==== The data ====

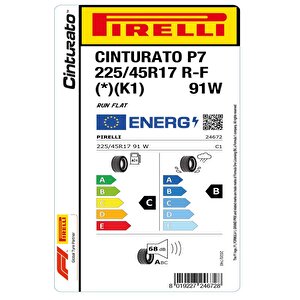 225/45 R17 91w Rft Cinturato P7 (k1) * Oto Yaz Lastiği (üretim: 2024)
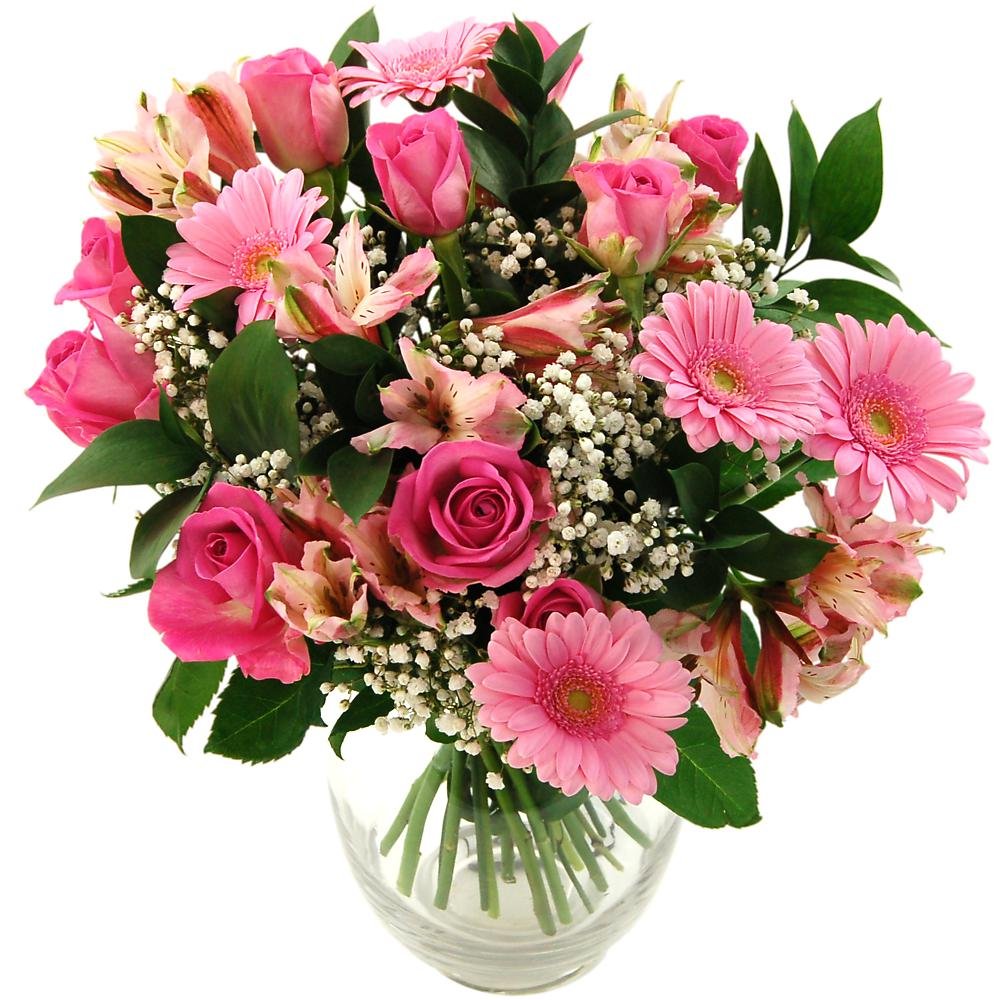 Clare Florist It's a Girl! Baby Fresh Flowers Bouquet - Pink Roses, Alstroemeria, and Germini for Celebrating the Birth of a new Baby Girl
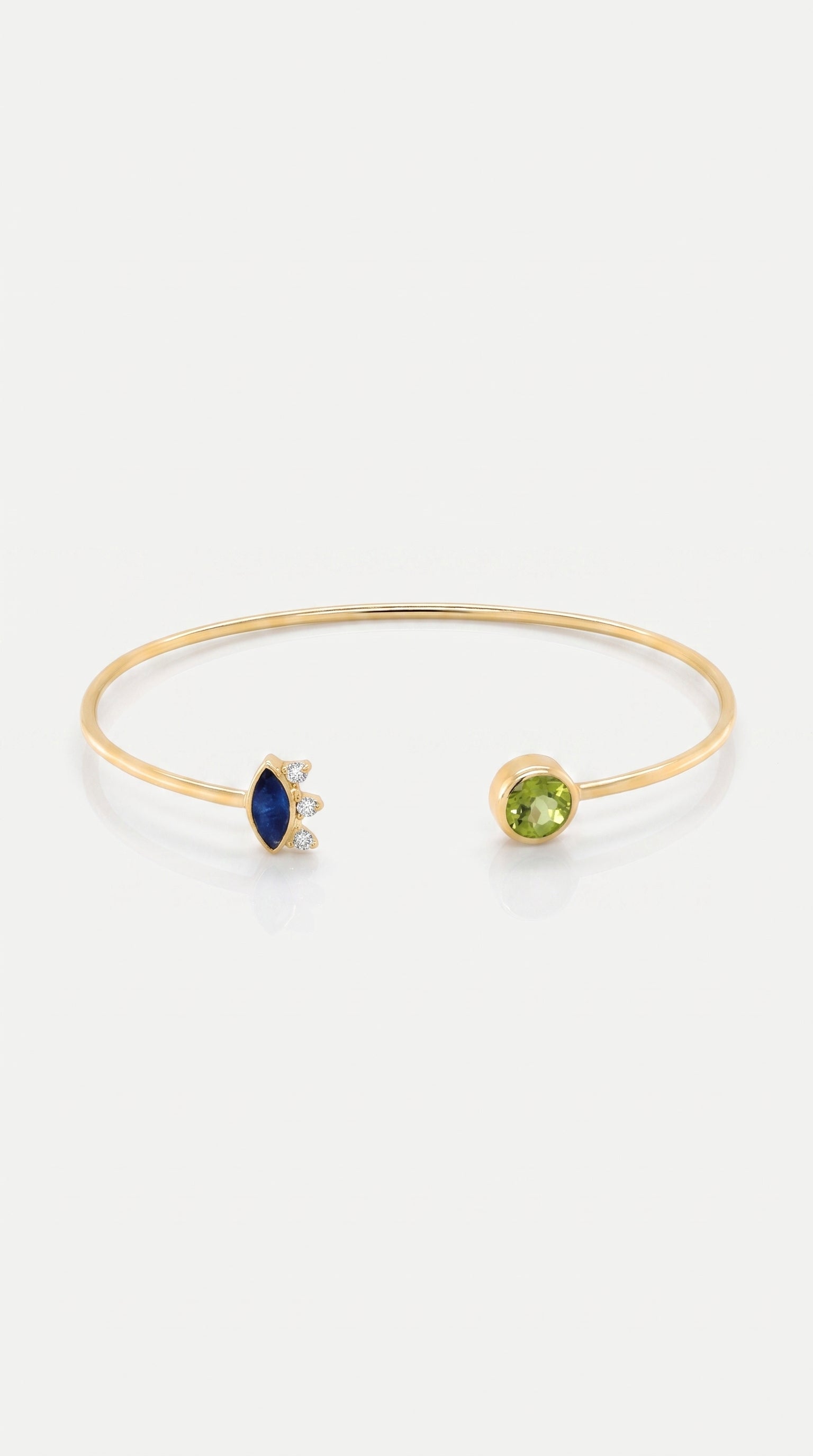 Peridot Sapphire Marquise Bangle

====

**Required work**
Would you copy all the material exactly, dropping the pictures?

**Response box**
 225/45 R17 91w Rft Cinturato P7 (k1) * Oto Yaz Lastiği (üretim: 2024)
 Clare Florist It's a Girl! Baby Fresh Flowers Bouquet - Pink Roses, Alstroemeria, and Germini for Celebrating the Birth of a new Baby Girl
 Peridot Sapphire Marquise Bangle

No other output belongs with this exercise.